(Dataset excerpts begins)

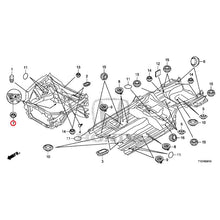 Load image into Gallery viewer, [NEW] JDM HONDA LEGEND HYBRID KC2 2020 Grommets (Front) GENUINE OEM
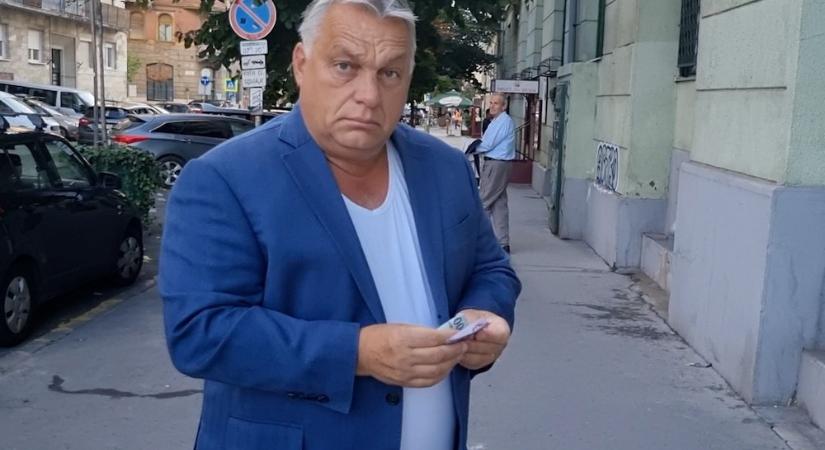 Orbán Viktor nyolc millió forintig emelte a saját, miniszterelnöki fizetését, amit a TISZA két és fél millióban maximálna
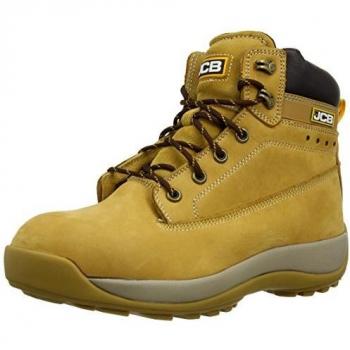 Jcb 5Cx - Zapatos para hombre, color honig, talla 40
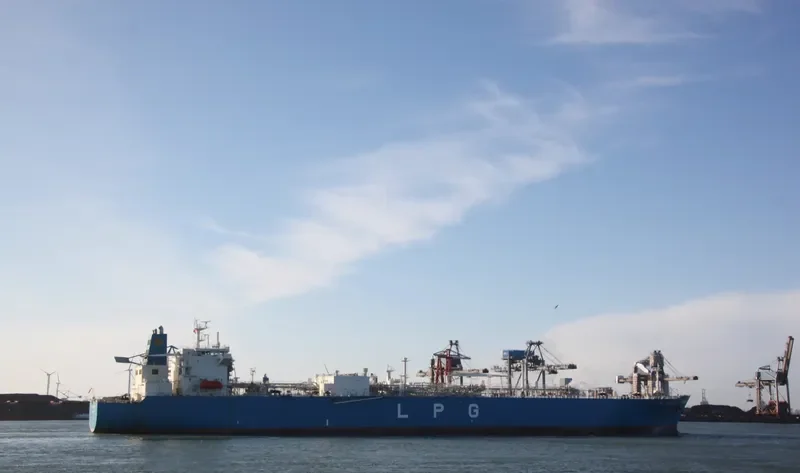 BW THOR General Cargo IMO 9346134 photo 4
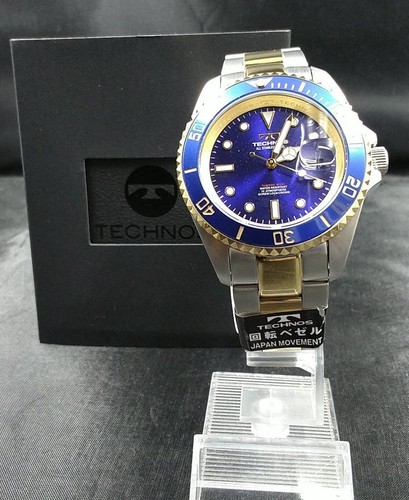 Technos tsm402tn watch - technos,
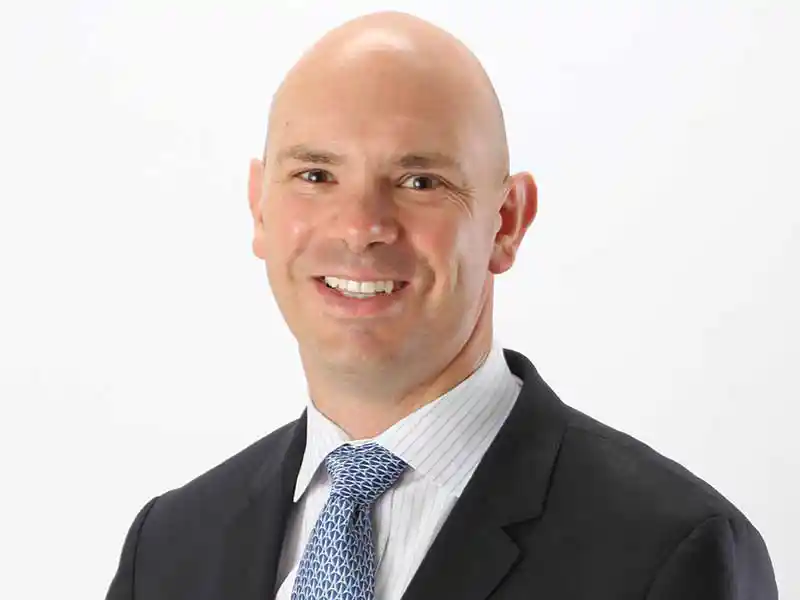 Conrad Latham, GM, Compressor Technique, Atlas Copco India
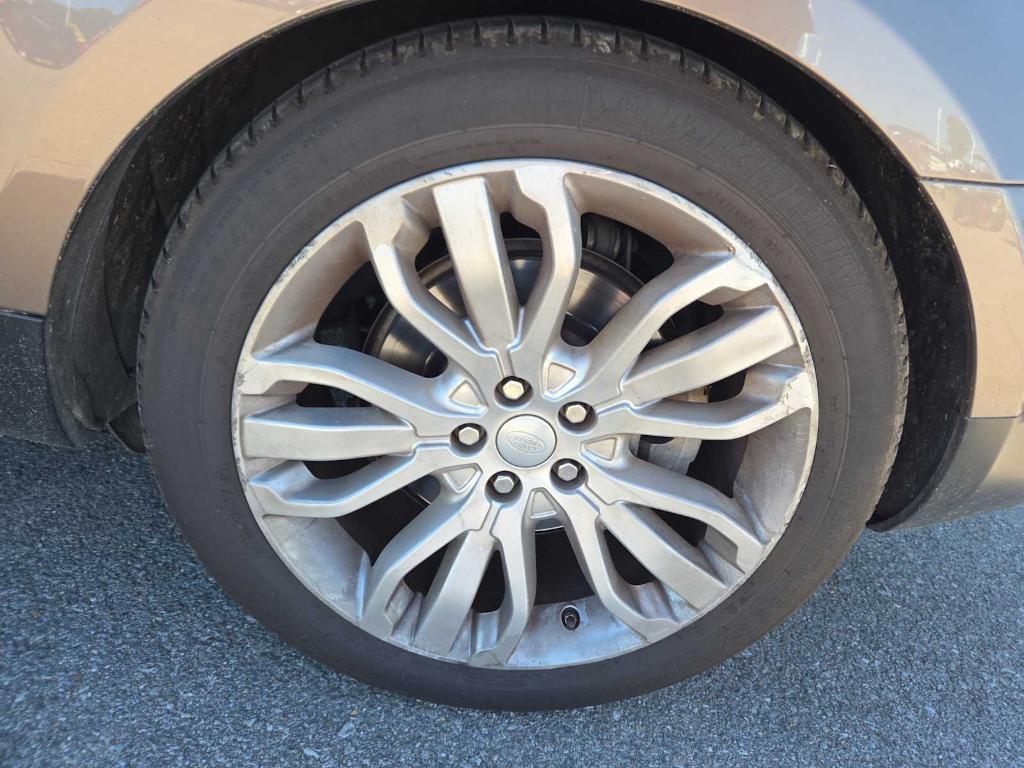 used 2018 Land Rover Range Rover Sport car, priced at $22,901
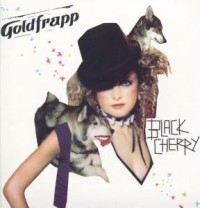 Goldfrapp - Black Cherry i gruppen VINYL / Toppselgere hos Bengans Skivbutik AB (3656457)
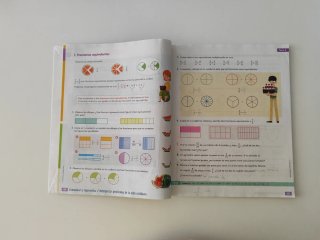 Matemáticas, 5 Educación Primaria, Comunidad Zoom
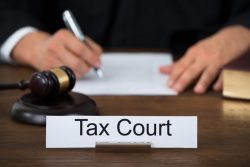 House not lived in, tax court finds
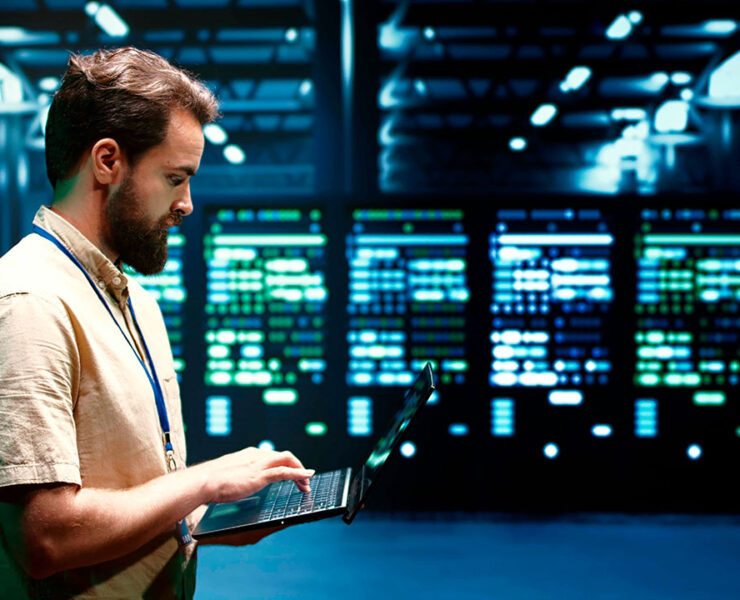 Circularidad - Centros de Datos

(Dataset excerpts ends)

- Activity
Retype each line above precisely, please. Skip anything that is a picture.

- Answer box
 Load image into Gallery viewer, [NEW] JDM HONDA LEGEND HYBRID KC2 2020 Grommets (Front) GENUINE OEM
 Orbán Viktor nyolc millió forintig emelte a saját, miniszterelnöki fizetését, amit a TISZA két és fél millióban maximálna
 Jcb 5Cx - Zapatos para hombre, color honig, talla 40
 BW THOR General Cargo IMO 9346134 photo 4
 Technos tsm402tn watch - technos,
 Conrad Latham, GM, Compressor Technique, Atlas Copco India
 used 2018 Land Rover Range Rover Sport car, priced at $22,901
 Goldfrapp - Black Cherry i gruppen VINYL / Toppselgere hos Bengans Skivbutik AB (3656457)
 Matemáticas, 5 Educación Primaria, Comunidad Zoom
 House not lived in, tax court finds
 Circularidad - Centros de Datos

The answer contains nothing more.